The modern name Beit-Lahm, “House of Flesh,” is somewhat different in sound and meaning from the ancient Hebrew Beth-Lehem, “House of Bread;” but it is doubtless a popular corruption, such as one frequently meets with in Palestine. In olden times the town was called Beth-lehem Judah, to distinguish it from another Beth-lehem in Zebulun. It was also called Ephratah, “the Fruitful;” probably for the same reason that the name “House of Bread” had been given to it. . . . On the eastern brow of the ridge, separated from the crowded village by an open esplanade, is the convent, like a large, feudal castle. It is a huge pile, consisting of the Church of the Nativity and the three convents—Latin, Greek, and Armenian—abutting on its north, east, and south sides. The site is most commanding, the view from it embracing a large section of the wilderness of Judea, the Jordan valley and Dead Sea, and the purple-tinted mountain-chain of Moab and Gilead stretching like a great wall along the horizon, north and south, far as the eye can see. (Source: Jerusalem, Bethany, and Bethlehem, pp. 113, 116-119.)

Bethlehem Marketplace

Soon Bethlehem, comes into view—a white-walled village of about three thousand inhabitants, all professedly Christians. They are, however, a turbulent, quarrelsome set, ever fighting amongst themselves or with their neighbours. In the disturbances which take place so frequently at Jerusalem, it is said that the ringleaders are commonly found to be Bethlehemites. The women are remarkable for personal beauty. I saw more handsome faces here in a few hours than elsewhere in the East in many days. . . . The men are strong, lithe, well-built fellows, and I saw several young shepherds, who were models of manly vigour. Here, as elsewhere in the East, the pastoral pipe is in constant use. . . . Bethlehem stands on the crest of a ridge of Jurassic limestone. As it is surrounded by higher hills, however, the view from it is not very extensive. Jerusalem, though only six miles distant, is hidden by an intervening height; but through the valleys stretching away eastward to the Dead Sea, fine views are gained of the mountains of Moab, and from the flat roof of the Latin Convent part of the Dead Sea itself is visible. (Source: Those Holy Fields, pp. 42-43.)

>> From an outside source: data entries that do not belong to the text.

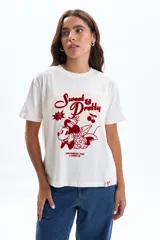 Remera de manga corta color crudo con estampa frontal de Minnie Mouse en tonos rojizos y texto decorativo.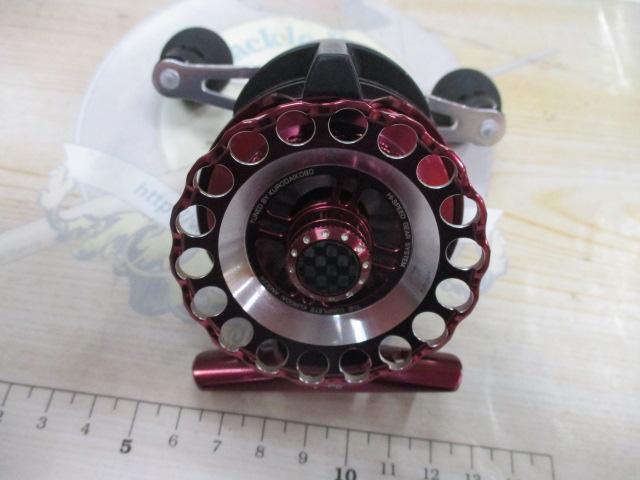 カセ筏師 THEセンカンイカダ 60HG-SR(左)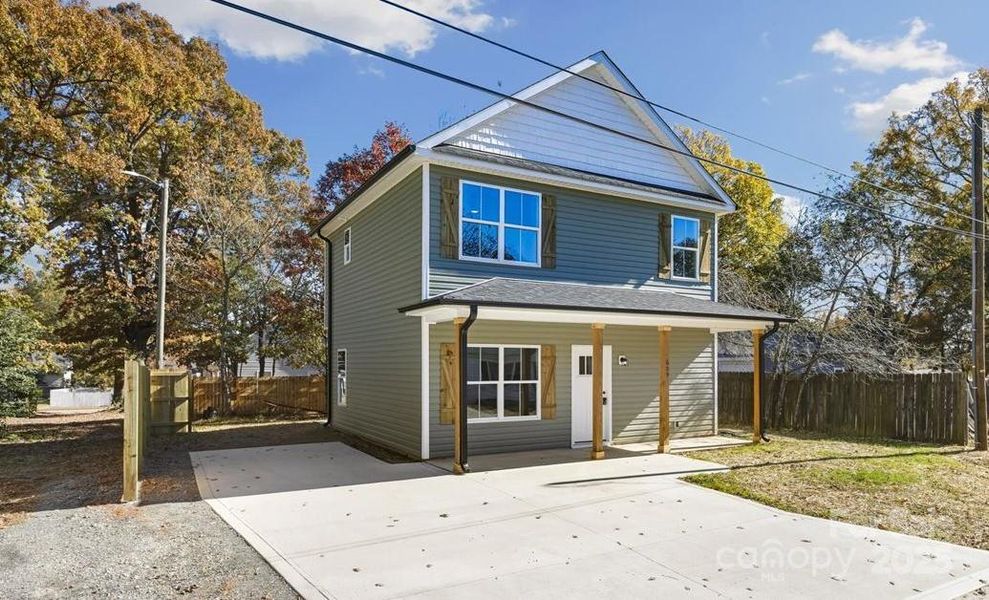 Front exterior of a new home in , Kannapolis, NC, highlighting curb appeal (Image 1).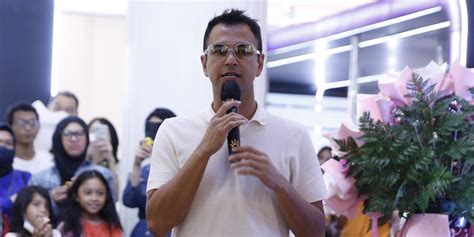 Raffi Ahmad Dibikin Bangga Dua Putranya Rafathar Juara Renang Dan Suka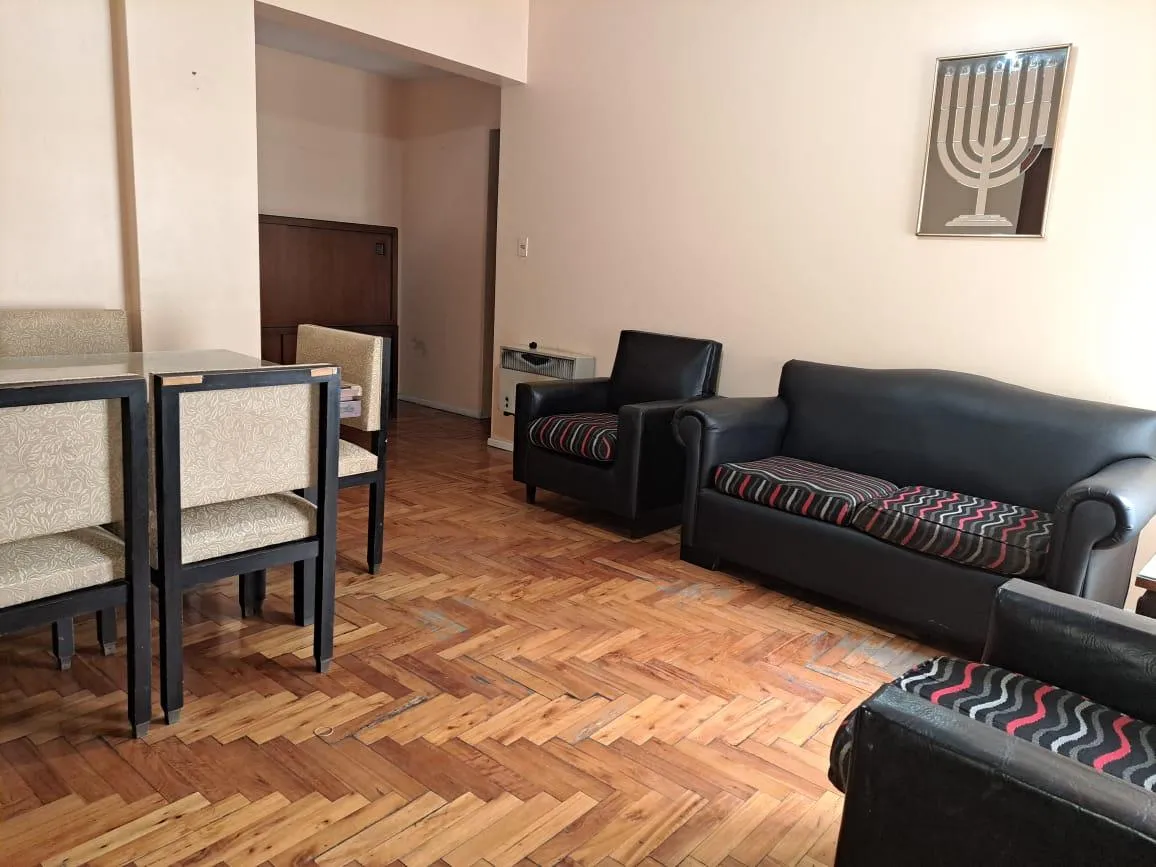 Apartamento de dois ambientes em Flores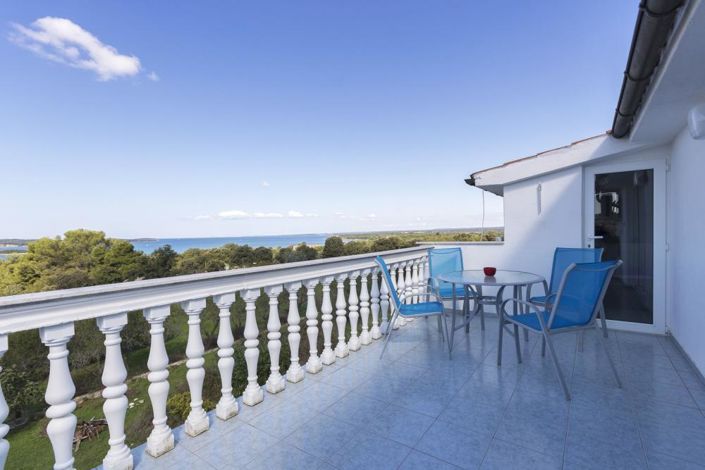 Image No.1-16 Bed Property for sale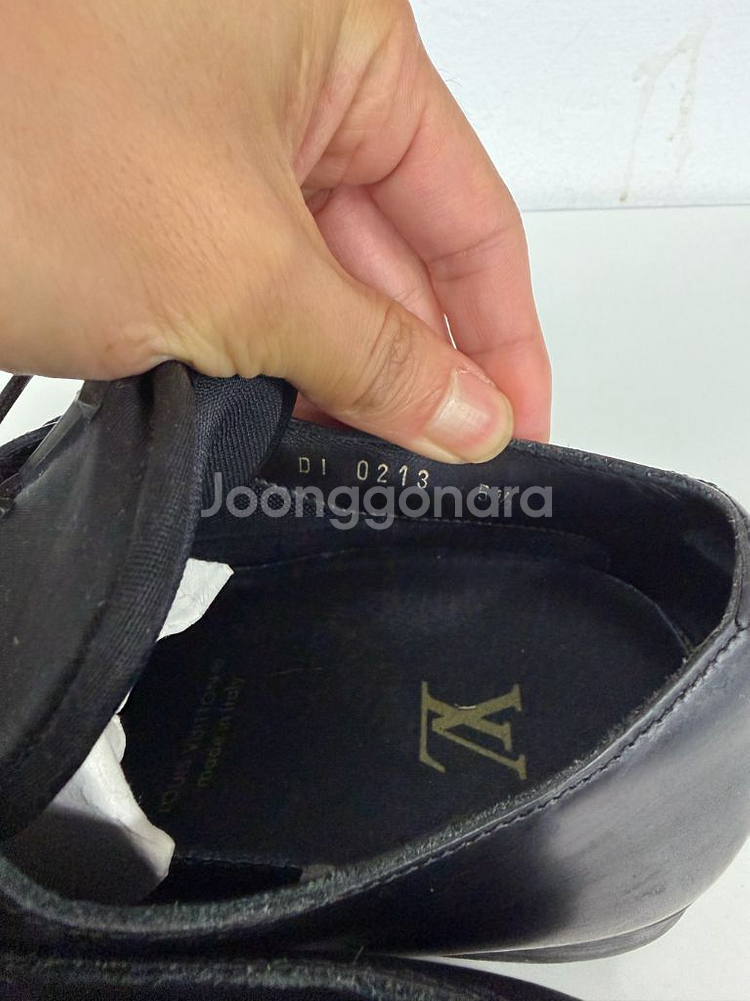 정품) 루이비통 남성 LV로고 남성구두 5.5(250)--7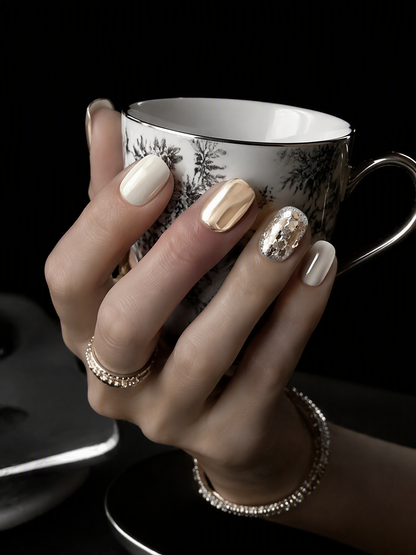 Aurum Minimalist  | LUMlix Haute Nail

Bethlehem Shepherds’ Fields

“The place where the first ‘Gloria in excelsis’ was sung is probably farther east, where the bare hills of the wilderness begin, and a large tract is claimed by the Bethlehemites as a common pasturage. Here the sheep would be too far off to be led into the town at night; and exposed to the attacks of the wild beasts from the eastern ravines, where the wolf and the jackal still prowl, and where of old the yet more formidable lion and bear had their covert, they needed the shepherds’ watchful care during the winter and spring months, when alone pasturage is to be found on these bleak uplands.” (Source: Picturesque Palestine, vol. 1, p. 124.)